[Records for this task — start]

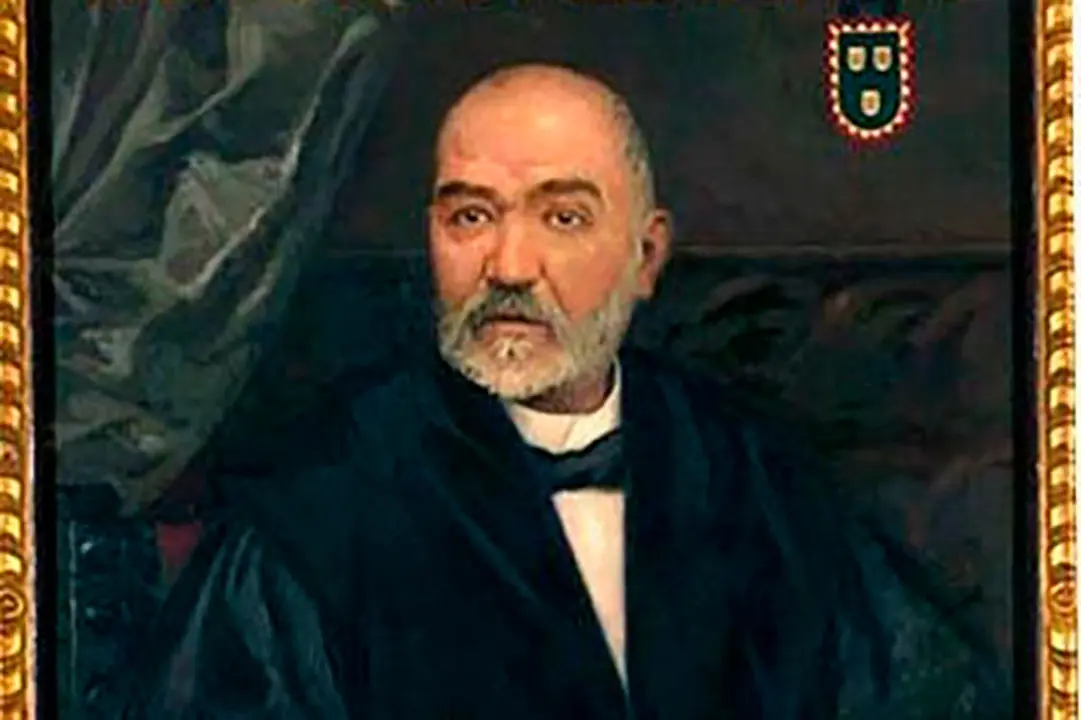 OleoLuisGarcia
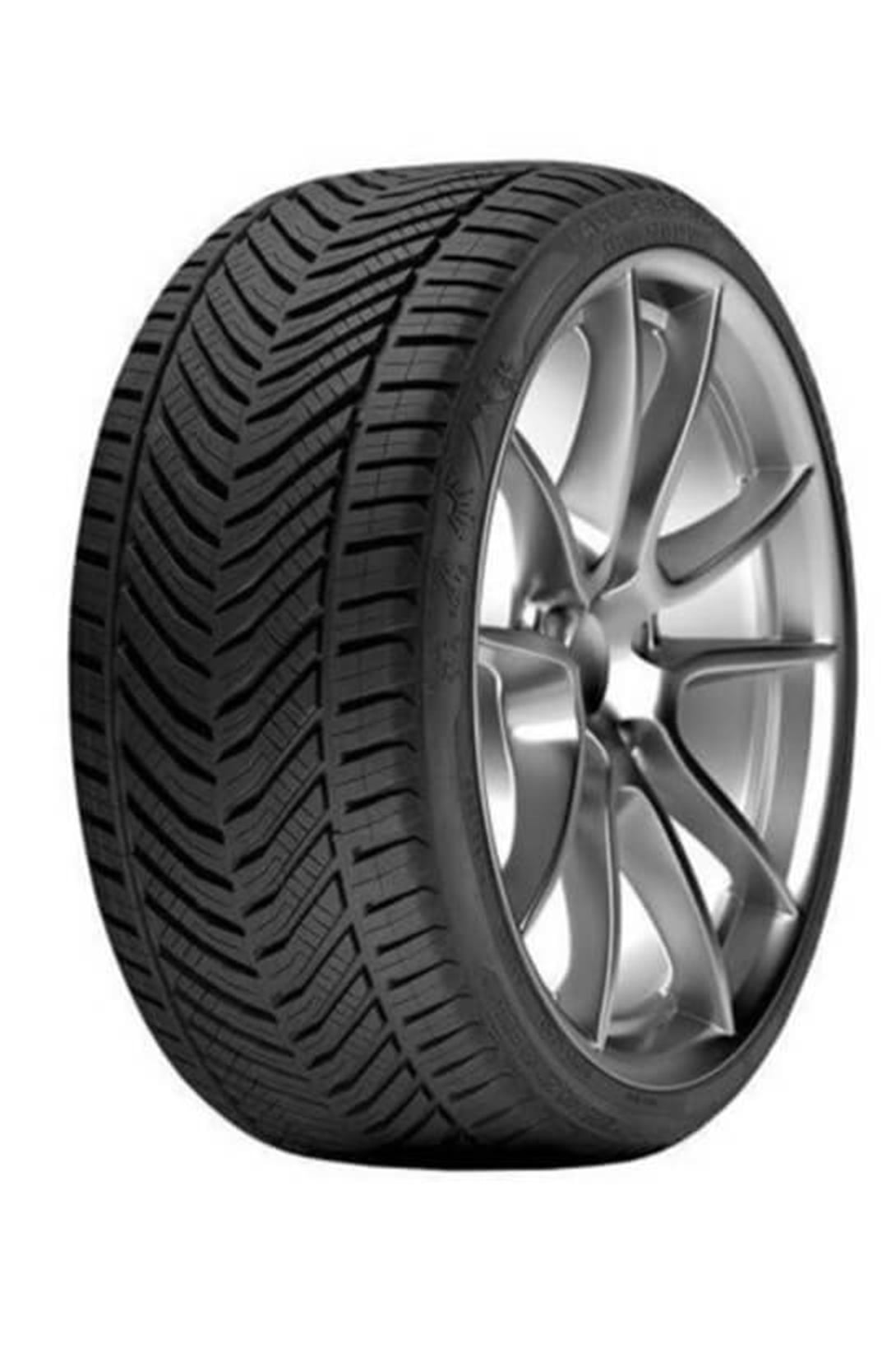 Kormoran 215/50R17 95W All Season XL Dört Mevsim LastikKormoran920874215 50 r17 Dört Mevsim Lastik-LastikTR.com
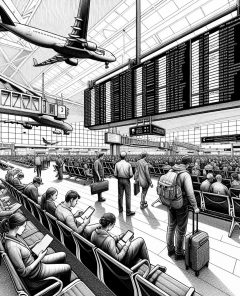ai-flight-cancellations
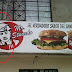 Fotos Publicitarias Mas Bizarras de la Historia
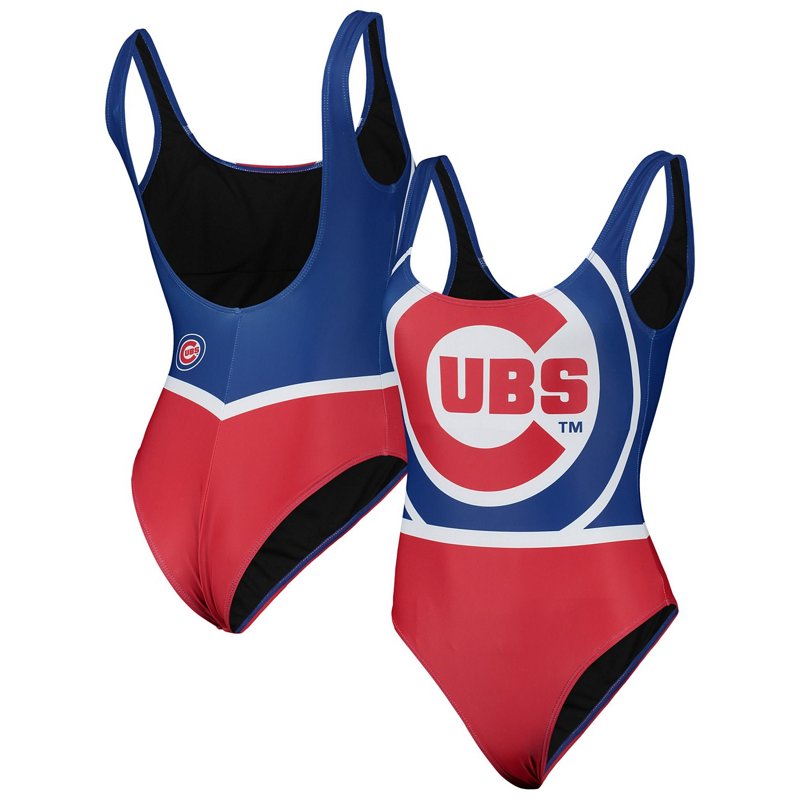 Foco Chicago Cubs T… - image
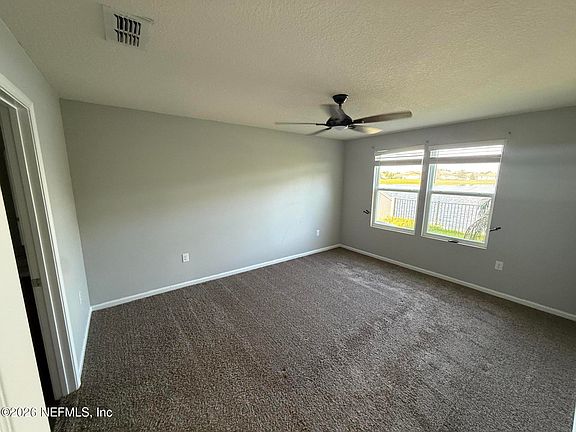 5th image of 3541 MARTIN LAKES Drive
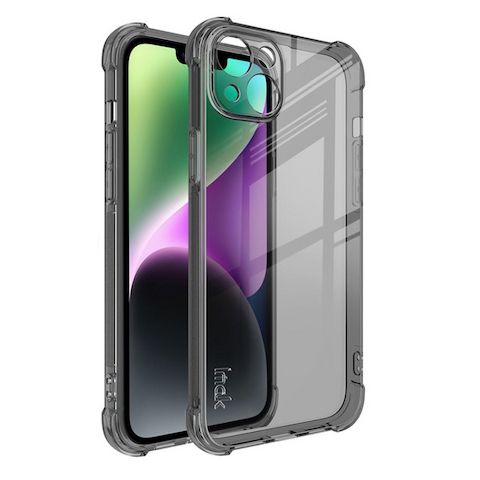 Handyhülle iPhone 14 Motorola Edge 2022 Nokia G11+4G Sony Xperia5 IV Huawei Mate50 Xiaomi PocoM4 5G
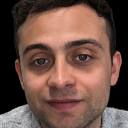 Matteo Notturno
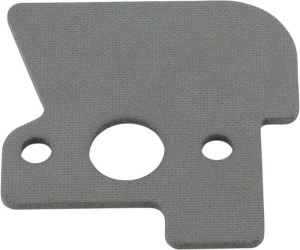 Element dystansowy gaźnika 692799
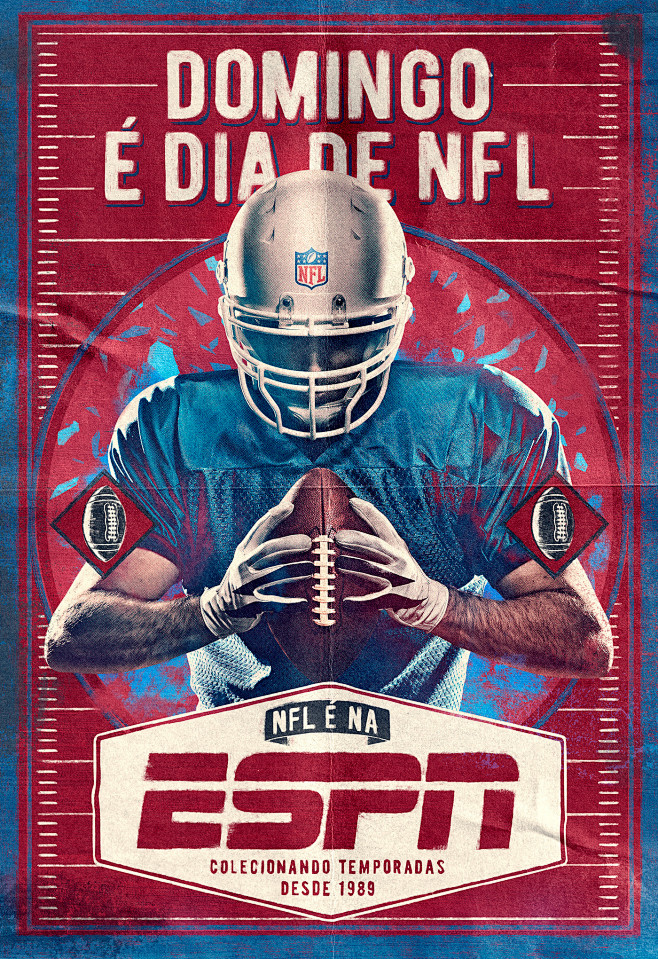 08:10:50espn nfl电影海报梅西de金球奖同采自www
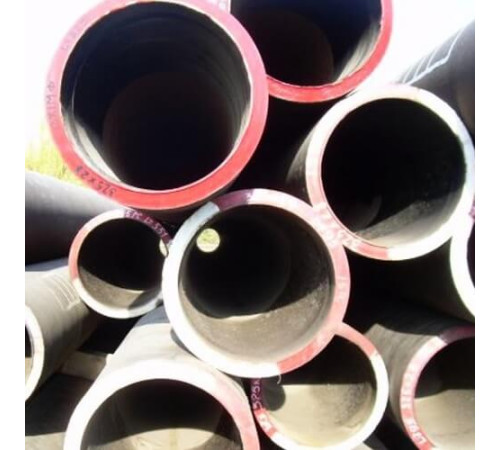 Котельные трубы в Мозыре для промышленности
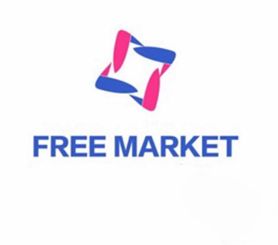 Product - Free Market Co.,ltd - China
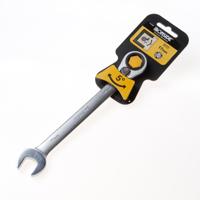 IRONSIDE 117329 Ringsleutel met ratel Sleutelbreedte (metrisch) 17 mm - thumbnail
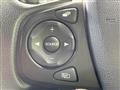 2021 Honda Freed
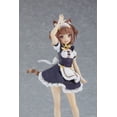 thumbnail image 3 of Figura de colección God Smile Nekopara - Azuki, 3 of 3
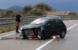 PROMETNA NESREĆA U BLIZINI DUBROVNIKA: Sudar osobnih automobila u Vrbici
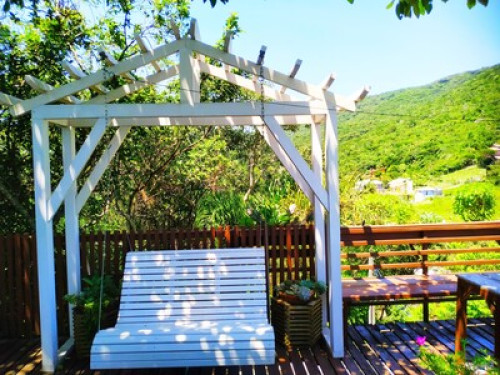 Quarto aconchegante  - Gallery - 8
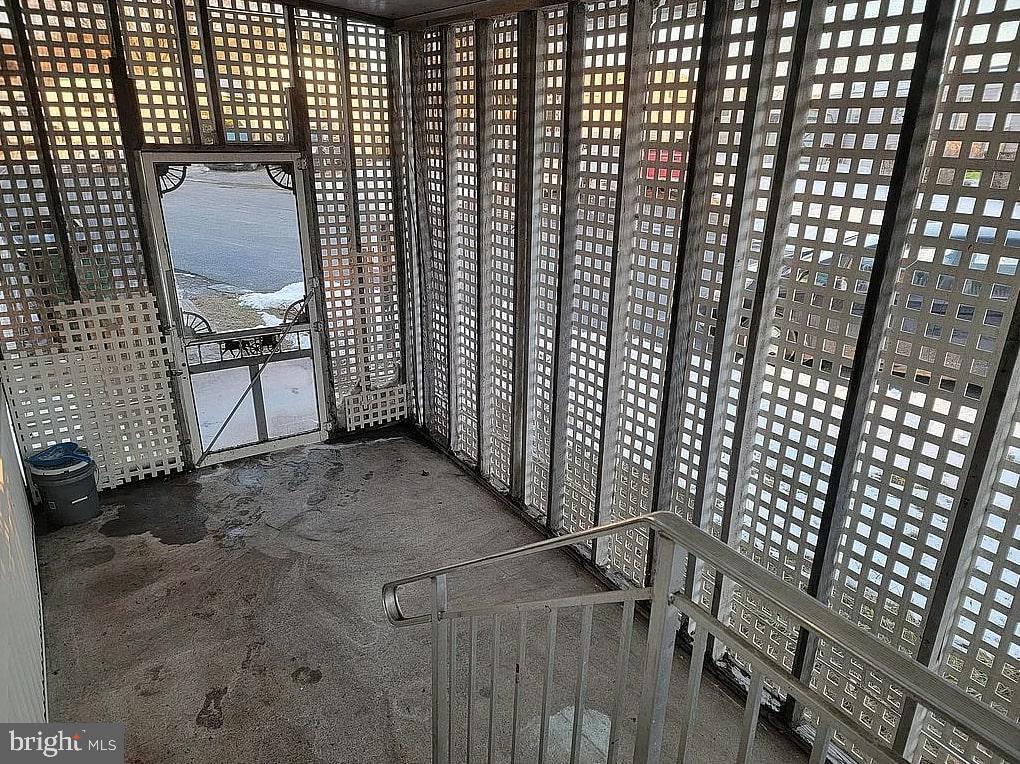 PALM CITY PARK - Residential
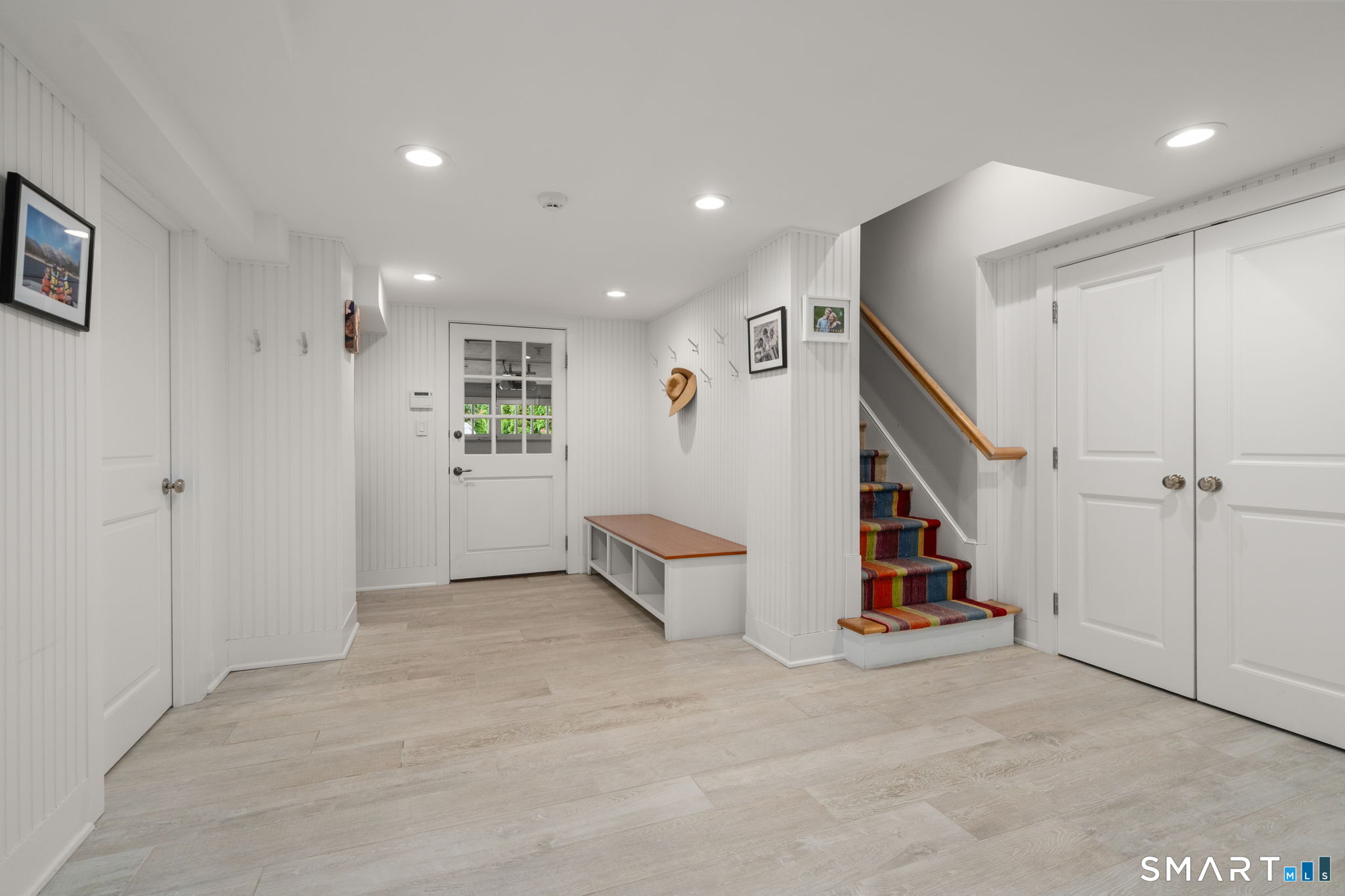 14 Middle Beach Road West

[Records for this task — finish]

Going back to the data above, write out everything from the line with "5th image of 3541 MARTIN LAKES Drive" down to the line with "PROMETNA NESREĆA U", both included, leaving every picture out.

Solution for this task ::
 5th image of 3541 MARTIN LAKES Drive
 Handyhülle iPhone 14 Motorola Edge 2022 Nokia G11+4G Sony Xperia5 IV Huawei Mate50 Xiaomi PocoM4 5G
 Matteo Notturno
 Element dystansowy gaźnika 692799
 08:10:50espn nfl电影海报梅西de金球奖同采自www
 Котельные трубы в Мозыре для промышленности
 Product - Free Market Co.,ltd - China
 IRONSIDE 117329 Ringsleutel met ratel Sleutelbreedte (metrisch) 17 mm - thumbnail
 2021 Honda Freed
 thumbnail image 3 of Figura de colección God Smile Nekopara - Azuki, 3 of 3
 PROMETNA NESREĆA U BLIZINI DUBROVNIKA: Sudar osobnih automobila u Vrbici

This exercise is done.